H.R.38 - Concealed Carry Reciprocity Act of 2017115th Congress (2017-2018)
|Sponsor:||Rep. Hudson, Richard [R-NC-8] (Introduced 01/03/2017)|
|Committees:||House - Judiciary | Senate - Judiciary|
|Committee Reports:||H. Rept. 115-433|
|Latest Action:||Senate - 12/07/2017 Received in the Senate and Read twice and referred to the Committee on the Judiciary. (All Actions)|
|Roll Call Votes:||There have been 2 roll call votes|
This bill has the status Passed House
Here are the steps for Status of Legislation:
- Passed House
Summary: H.R.38 — 115th Congress (2017-2018)All Information (Except Text)
Passed House amended (12/06/2017)
Concealed Carry Reciprocity Act of 2017
TITLE I--CONCEALED CARRY RECIPROCITY ACT OF 2017
(Sec. 101) This bill amends the federal criminal code to allow a qualified individual to carry a concealed handgun into or possess a concealed handgun in another state that allows individuals to carry concealed firearms.
A qualified individual must: (1) be eligible to possess, transport, or receive a firearm under federal law; (2) carry a valid photo identification document; and (3) carry a valid concealed carry permit issued by any state or be eligible to carry a concealed firearm in his or her state of residence.
Additionally, the bill specifies that a qualified individual who lawfully carries or possesses a concealed handgun in another state: (1) is not subject to the federal prohibition on possessing a firearm in a school zone, and (2) may carry or possess the concealed handgun in federally owned lands that are open to the public.
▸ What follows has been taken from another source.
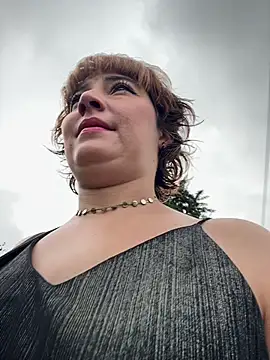 Snapshot of Maggie_Geller chatting on 02.24.26 Maggie Geller online show from 02.24.26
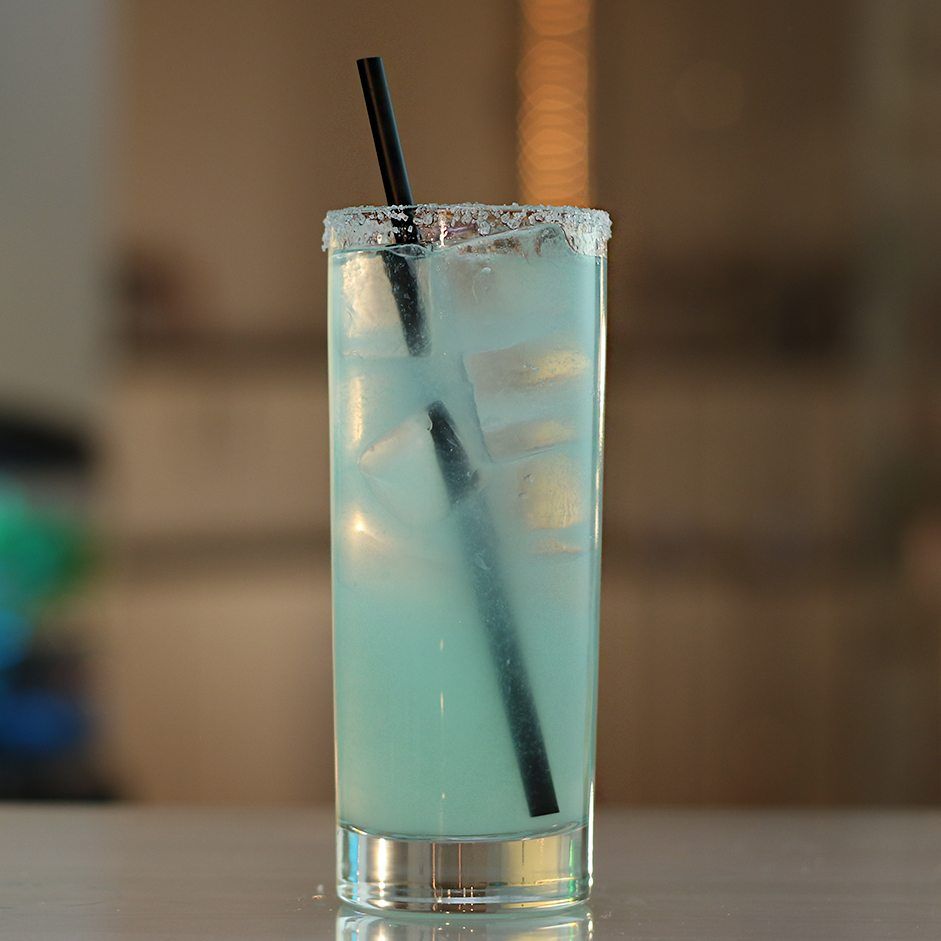 Maui Waters Cocktail Recipe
(Sec. 102) This bill does not prohibit a law enforcement officer with reasonable suspicion of a violation of any law from conducting a brief investigative stop in accordance with the U.S. Constitution.
(Sec. 103) It specifies that certain retired and off-duty law enforcement officers who are authorized to carry concealed firearms are not subject to the federal prohibitions on possessing or discharging a firearm in a school zone.
(Sec. 104) It permits a federal judge to carry a concealed firearm in any state if the judge is not prohibited from receiving a firearm under federal law.
TITLE II--FIX NICS ACT
Fix NICS Act of 2017
(Sec. 202) This bill amends the Brady Handgun Violence Prevention Act to require each federal agency and department, including a federal court, to:
- certify whether it has provided to the National Instant Criminal Background Check System (NICS) disqualifying records of persons prohibited from receiving or possessing a firearm, and
- establish and substantially comply with an implementation plan to maximize record submissions and verify their accuracy.
(Sec. 203) The bill amends the NICS Improvement Amendments Act of 2007 to modify the NICS Act Record Improvement Program (NARIP). Specifically, it:
- establishes a domestic abuse and violence prevention initiative as a priority area for NARIP grant funding, and
- creates a funding preference for states that establish an implementation plan and use grant funds to upload felony conviction and domestic violence records.
(Sec. 204) It amends the Crime Identification Technology Act of 1998 to modify the National Criminal History Improvement Program (NCHIP). Specifically, it:
- specifies that facilitating full participation in the NICS, as an allowable use of NCHIP grant funds, includes increasing efforts to pre-validate felony conviction and domestic violence records to expedite eligibility determinations; and
- permits the federal share of a grant to exceed 90% of program costs if a state complies with its implementation plan.
(Sec. 205) This section amends the NICS Improvement Amendments Act of 2007 to:
- direct the Department of Justice (DOJ), in coordination with each state or tribal government, to establish an implementation plan, including benchmarks, to maximize the automation and submission of mental health and criminal history records to the NICS;
- require DOJ to conduct, and publish the results of, compliance determinations for state and tribal governments;
- give preference to certain discretionary grant applicants that substantially comply with an implementation plan; and
- require the NICS to notify law enforcement agencies when a firearm is transferred to a person who is subsequently determined to be prohibited from receiving or possessing a firearm.
(Sec. 206) DOJ's Bureau of Justice Assistance must report to Congress on the use of bump stocks in the commission of crimes, including the number of instances and the types of firearms.
(Sec. 207) The bill authorizes appropriations for FY2018-FY2022 to carry out activities under this title.